範清遙輕聲道,“我隻是打在了她的昏穴上,讓她安靜一會而已。”
和碩郡王妃,“……”
現在當大夫的都是這麽暴力的麽?
旁邊的丫頭看得均是瑟瑟發抖,這脾氣簡直是不鳴則已一鳴驚人啊!
真不知安茹究竟哪來的勇氣,敢在皇宮門前擺棺材陣的花家外小姐麵前撒潑。
範清遙從袖子裏拿出了隨身攜帶著的針包,打開後就是掀起了安茹的衣服。
手中的銀針不斷閃爍著陣陣的光芒,根根銀針有條不紊的分別紮在了安茹下腹部不是很明顯的一個凸起的地方。
範清遙的動作如行雲流水,速度更是快得讓人眼花繚亂。
和碩郡王妃是看不懂針法的,但是見床榻上那安茹的臉色卻是慢慢地紅潤了。
她知道,這個孩子是保住了的。
雖然這是她心裏所想,可若是說真的能完全不介意也是不可能的。
真的是不想再看見安茹那張臉了,和碩郡王妃就是先行去外廳坐著了。
床榻上的安茹自己都是不知道昏迷了多久的,等再次睜開眼睛,入眼就是看見了自己那依舊隆起的肚子。
與此同時,範清遙的聲音就是響了起來的,“恭喜你,孩子保住了。

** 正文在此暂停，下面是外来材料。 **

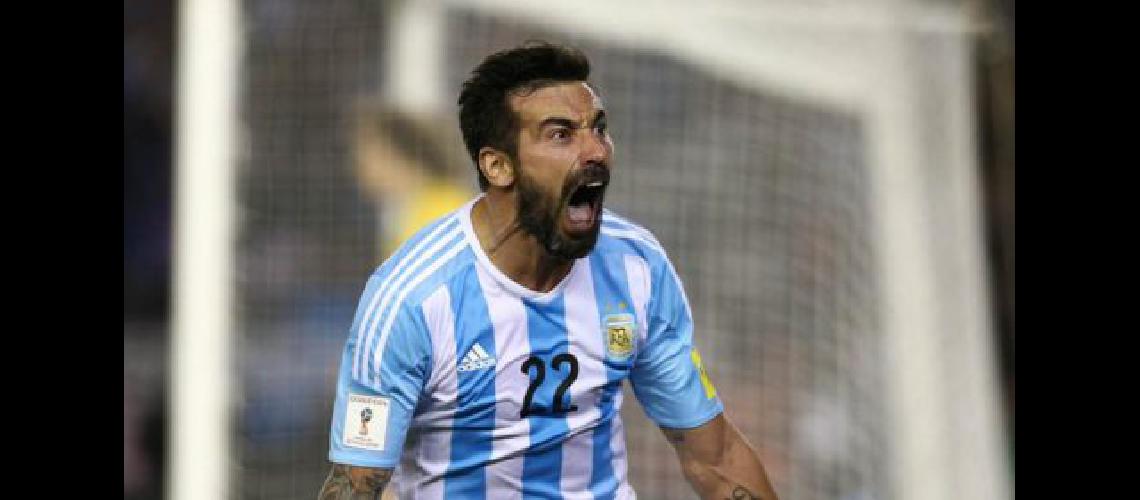 lavezzi_0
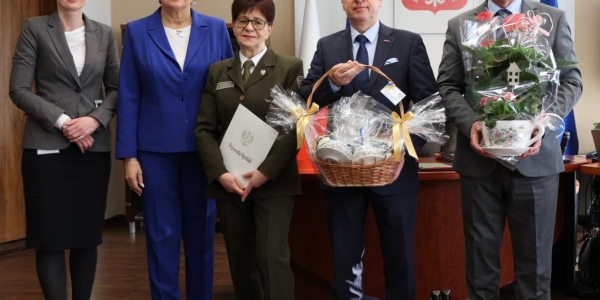 Coś się kiedyś zaczyna i coś się kiedyś kończy…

”
安茹聽著這話是真的沒差點再昏死過去。
保住了?
怎麽就是保住了!
安茹無力地搖著頭,她明明撞得那麽用力,“你說謊……”
範清遙看著垂死掙紮的安茹微微一笑,彎下腰低聲對著她又道,“你既認識我,就應該知道我的醫術如何的不是嗎?”
安茹臉色大變,心都是控製不住地狂跳了。
她當然知道範清遙的醫術是皇上都誇讚了的,但沒想到真的會如此厲害!
可是如今麵對範清遙那緊緊盯著她的目光,她還是閃躲著道,“我,我不知你這話的意思。”

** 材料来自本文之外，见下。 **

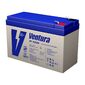 Батарея VENTURA Батарея для ИБП Ventura HR 1228W 12В,  7Ач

範清遙一把捏住她的下巴,“你算的確實沒錯,我是為了花家有事相求,但你卻算錯了,我要求的是郡王妃而並非郡王。”
安茹驚訝地睜大眼睛,才剛紅潤了幾分的麵龐又是白了下去的。
“如你所想,以前的我也真的是那種人,踩著別人鮮血不擇手段,踏著旁人的屍體平步青雲,但是現在我卻厭惡了那種冷酷無情自私自利的日子。”
安茹看著麵前年紀輕輕的範清遙,覺得自己是應該去質疑的,可是不知道為何,隻要看著那雙眼睛,她就覺得是那樣無力的反駁。
那雙眼睛深得不見其底,銳得暗藏鋒芒,又平靜的好似經曆過滄海桑田。
範清遙又是輕輕一笑,“你或許也應該慶幸遇見這般的我,若是以前的我,就憑你?怕早就是屍骨無存了。”
語落,轉身離去。
漸漸回神的安茹卻是沒空再去理會範清遙,而是再次看向了自己的肚子。
不管如何她肚子裏的孩子是絕對不能留的。
反正今日的事情所有人都是看見了的,隻要一會她想辦法再做些手腳弄掉孩子,那麽她依舊可以拉著郡王妃下水,連同這個可恨的範清遙一並……
還沒等安茹想完,就是見站在門口的範清遙就是又停下了腳步。
她轉過頭,輕聲一笑,“忘記說了,我用銀針封了你的穴道,所以我奉勸你還是收回你那些小心思好,畢竟十個時辰之內你根本無法動彈。”
安茹聽著這話就是動了動自己的手指,卻發現自己的手指真的是沒有知覺的。
再是動動腳趾,又是抬了抬頭……
當安茹發現自己真的是一動不能動的時候,氣得眼睛都是快要噴出火了,“範清遙你好大的狗膽!你可知你如此多事是擋了誰的路?終有一日你會不得好死!”
範清遙麵對這齷齪的罵詞仍舊淡笑著,“以後我會不會不得好死暫且不知,但現在可知的是,遇見我算你倒黴。”
安茹氣得雙眼發黑,真的是一口氣沒提上來,就是雙眼黑了下去。